To do |
The answer must be an exact copy of the lines from the one containing "Duluth Burly Thermal" through the last line of the records, with the pictures left out.

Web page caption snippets
--- START ---

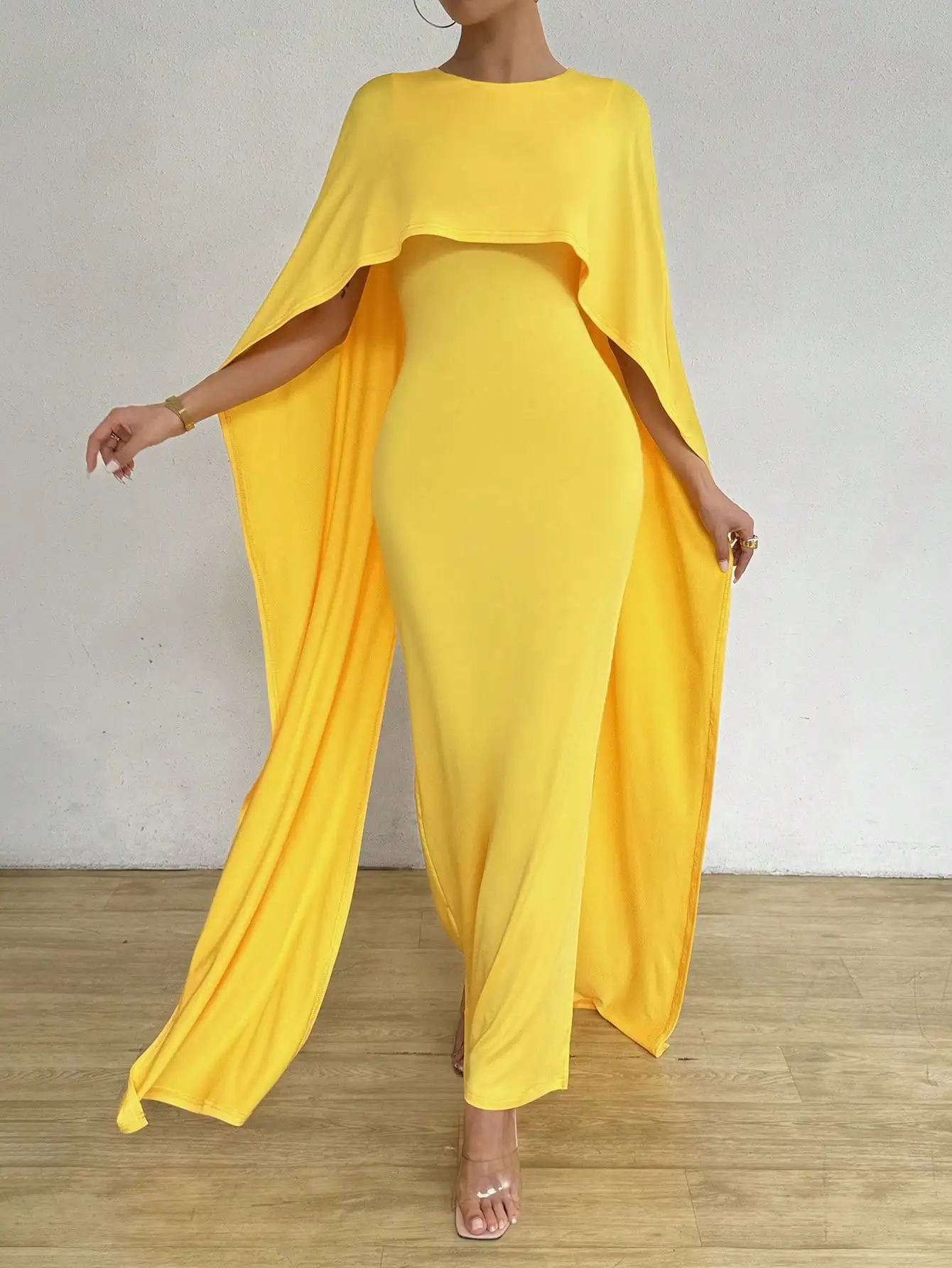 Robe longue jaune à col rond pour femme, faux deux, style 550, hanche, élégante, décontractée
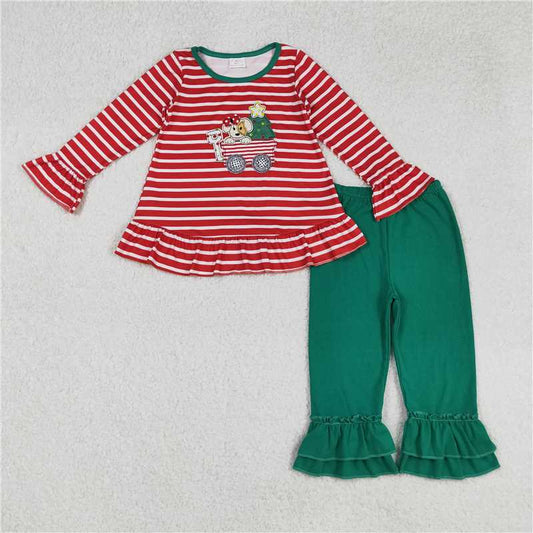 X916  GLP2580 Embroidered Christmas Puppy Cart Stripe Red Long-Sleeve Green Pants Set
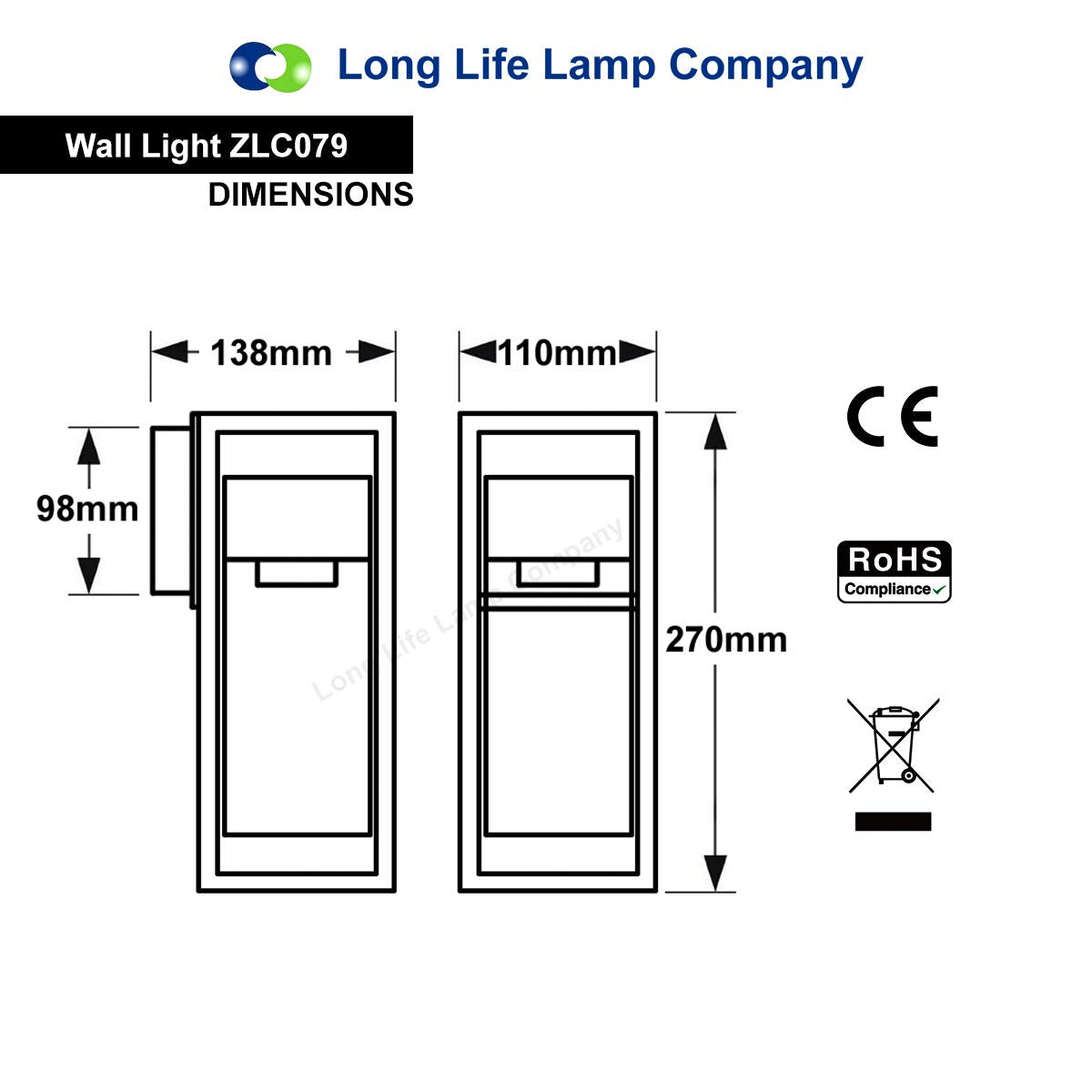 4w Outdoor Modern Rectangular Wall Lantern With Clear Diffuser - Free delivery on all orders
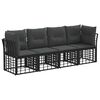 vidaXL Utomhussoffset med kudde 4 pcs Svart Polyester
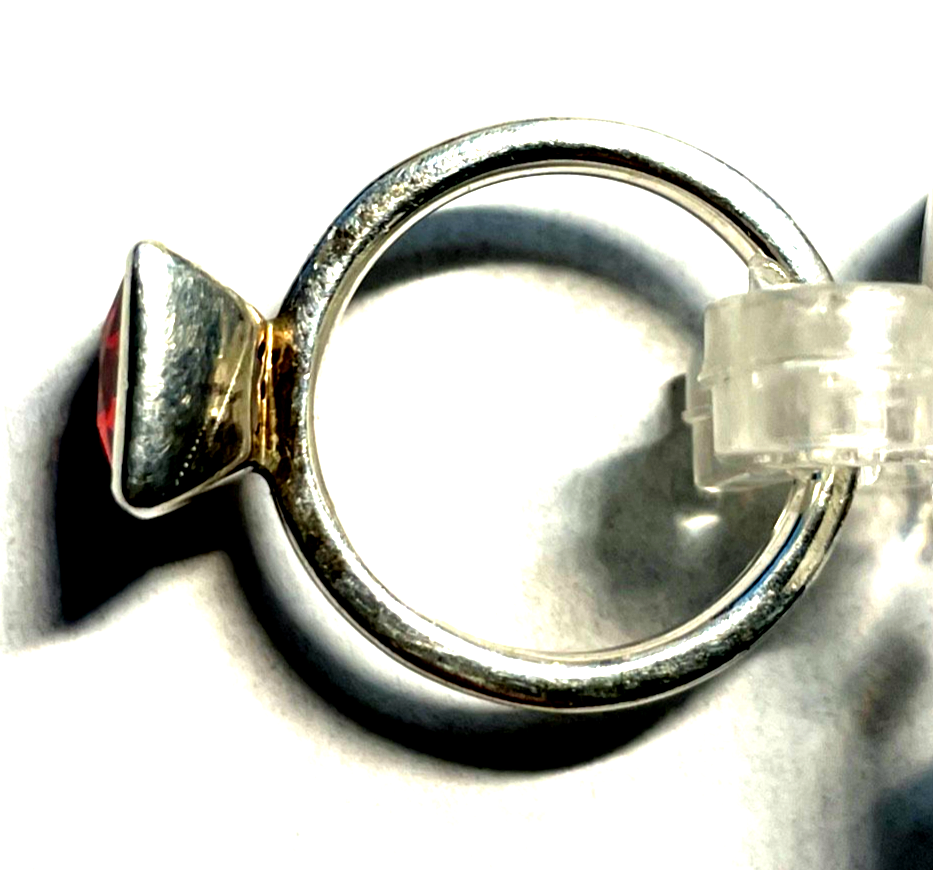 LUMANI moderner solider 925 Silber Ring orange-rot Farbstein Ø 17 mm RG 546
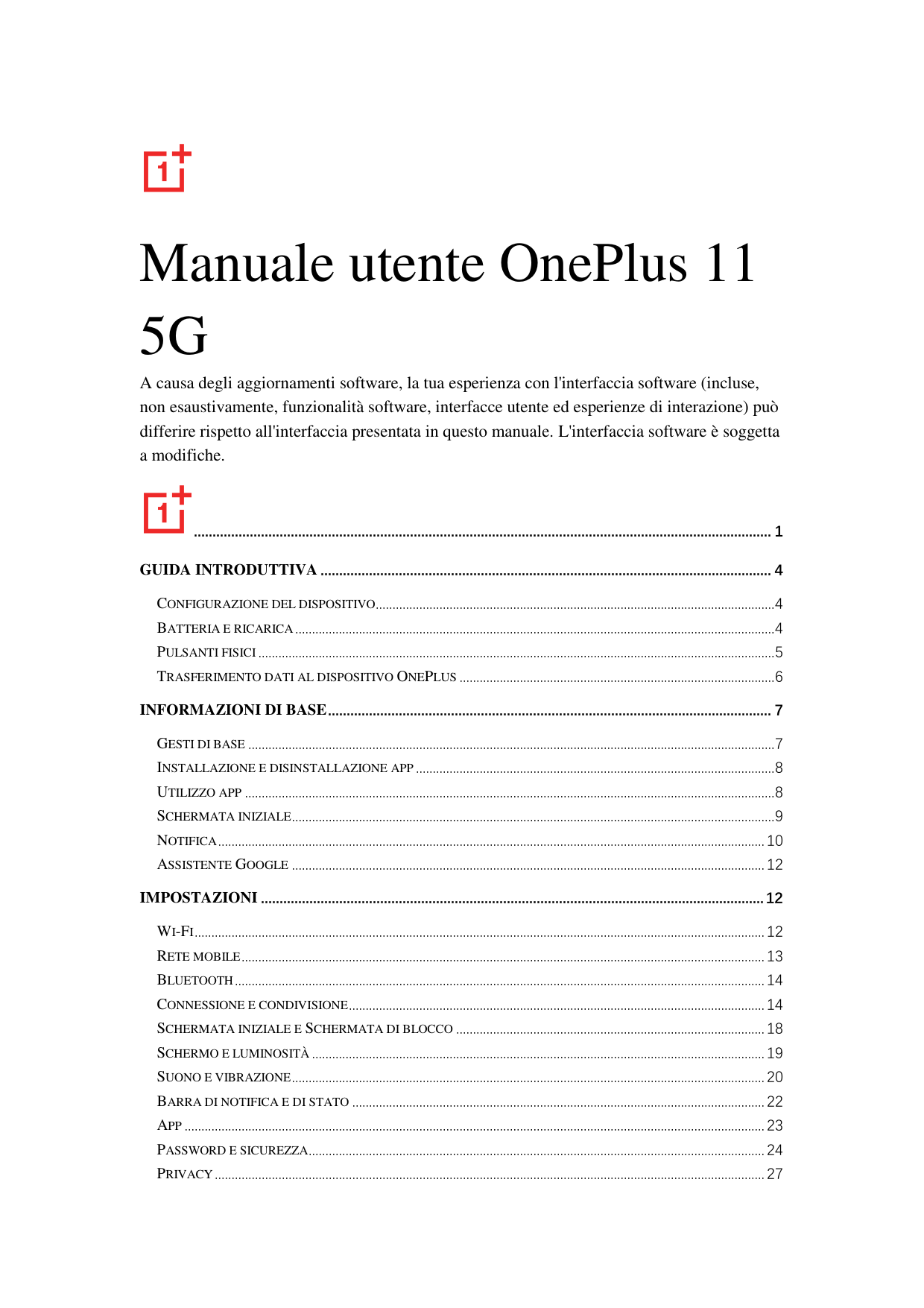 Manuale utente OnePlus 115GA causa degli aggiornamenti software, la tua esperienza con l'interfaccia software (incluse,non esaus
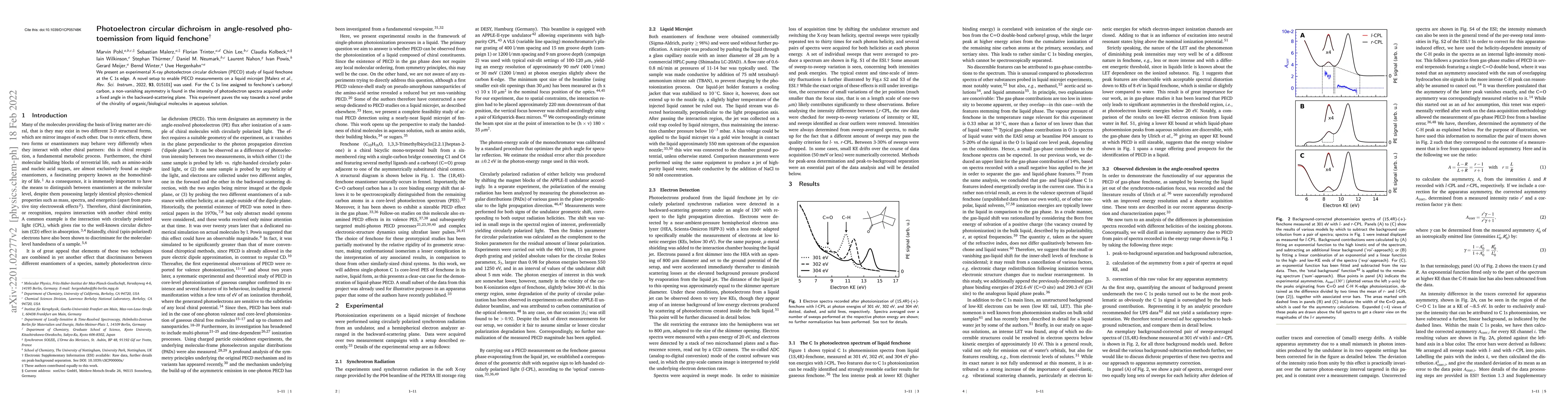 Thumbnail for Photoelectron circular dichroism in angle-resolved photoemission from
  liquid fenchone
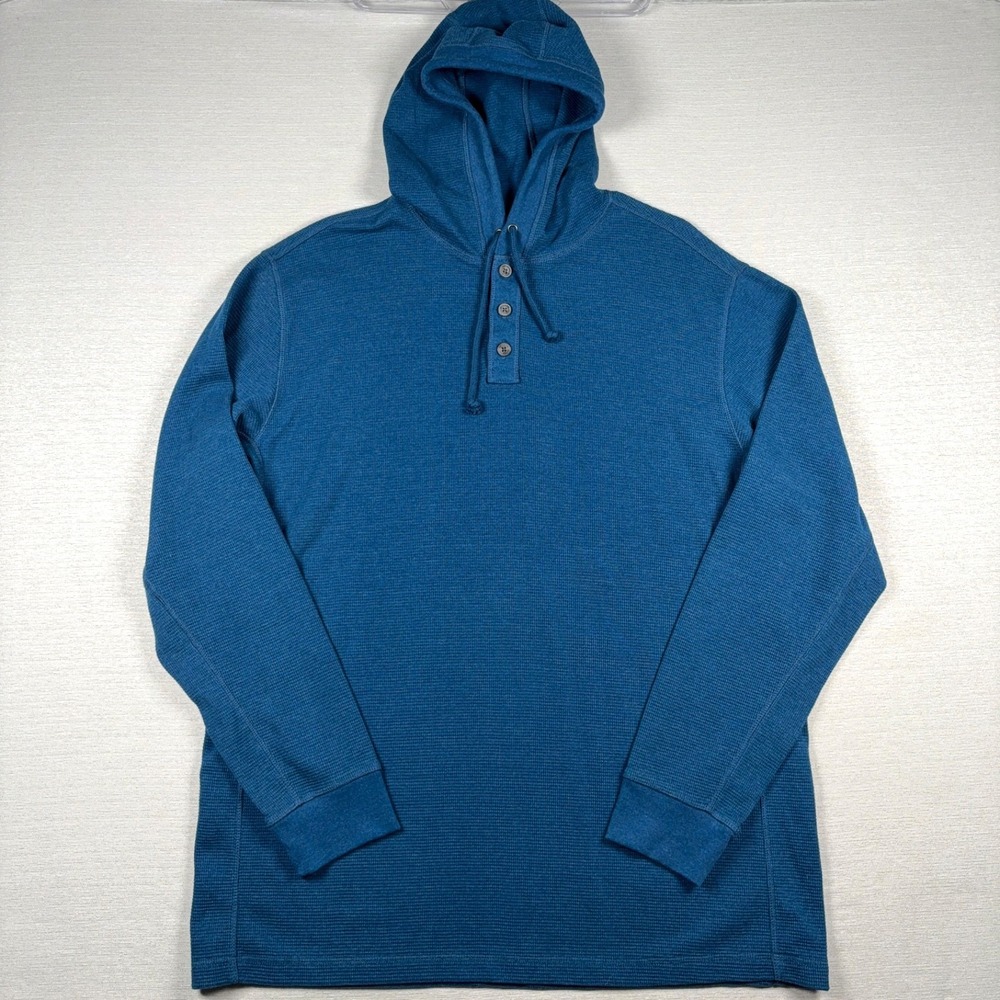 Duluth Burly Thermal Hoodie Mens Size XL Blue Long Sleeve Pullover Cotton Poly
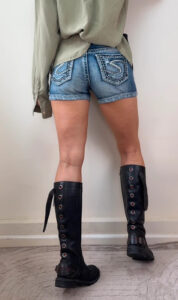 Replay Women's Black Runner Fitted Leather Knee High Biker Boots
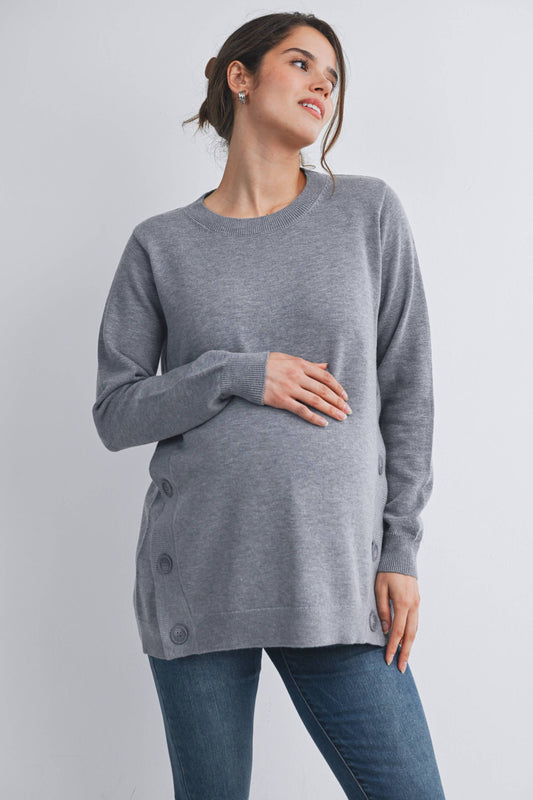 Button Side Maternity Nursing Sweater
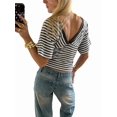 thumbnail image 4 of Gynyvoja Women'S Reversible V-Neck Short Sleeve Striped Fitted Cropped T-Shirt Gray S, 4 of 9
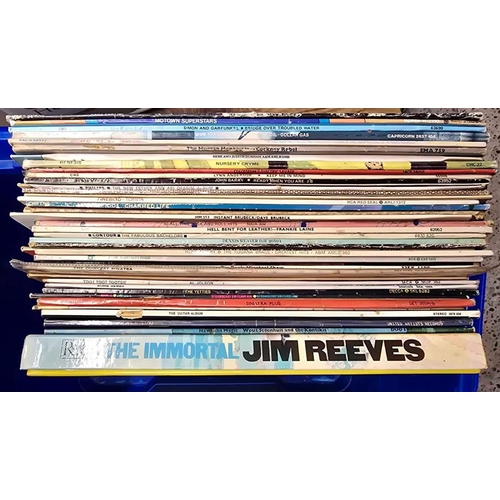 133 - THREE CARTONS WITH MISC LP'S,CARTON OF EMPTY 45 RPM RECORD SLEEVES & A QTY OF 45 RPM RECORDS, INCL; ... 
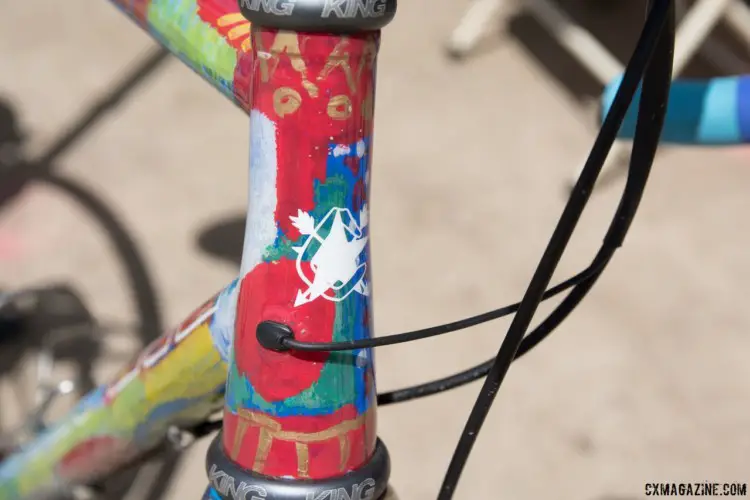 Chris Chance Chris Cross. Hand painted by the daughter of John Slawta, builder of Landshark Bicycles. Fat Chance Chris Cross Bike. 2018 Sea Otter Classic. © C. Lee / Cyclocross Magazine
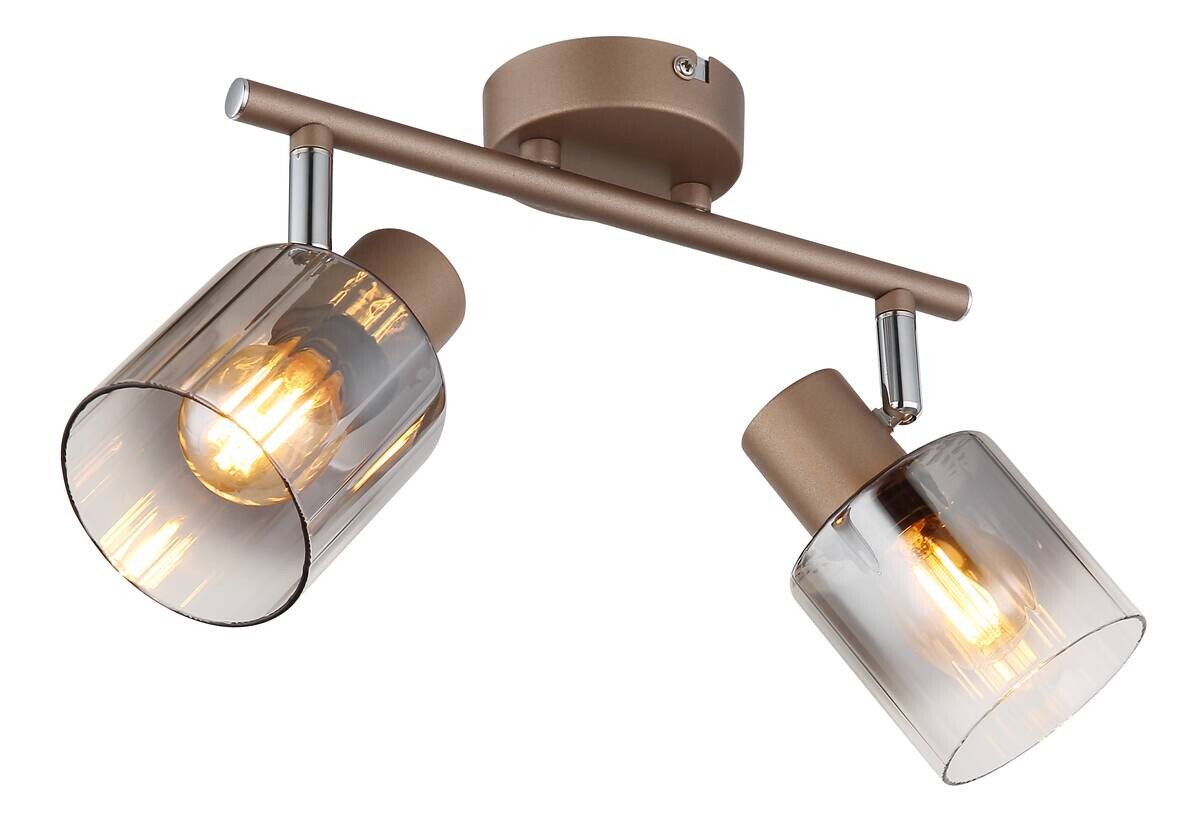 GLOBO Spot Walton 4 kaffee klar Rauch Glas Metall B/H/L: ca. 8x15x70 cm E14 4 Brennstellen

--- END ---

Answer to the problem |
 Duluth Burly Thermal Hoodie Mens Size XL Blue Long Sleeve Pullover Cotton Poly
 Replay Women's Black Runner Fitted Leather Knee High Biker Boots
 Button Side Maternity Nursing Sweater
 thumbnail image 4 of Gynyvoja Women'S Reversible V-Neck Short Sleeve Striped Fitted Cropped T-Shirt Gray S, 4 of 9
 133 - THREE CARTONS WITH MISC LP'S,CARTON OF EMPTY 45 RPM RECORD SLEEVES & A QTY OF 45 RPM RECORDS, INCL; ... 
 Chris Chance Chris Cross. Hand painted by the daughter of John Slawta, builder of Landshark Bicycles. Fat Chance Chris Cross Bike. 2018 Sea Otter Classic. © C. Lee / Cyclocross Magazine
 GLOBO Spot Walton 4 kaffee klar Rauch Glas Metall B/H/L: ca. 8x15x70 cm E14 4 Brennstellen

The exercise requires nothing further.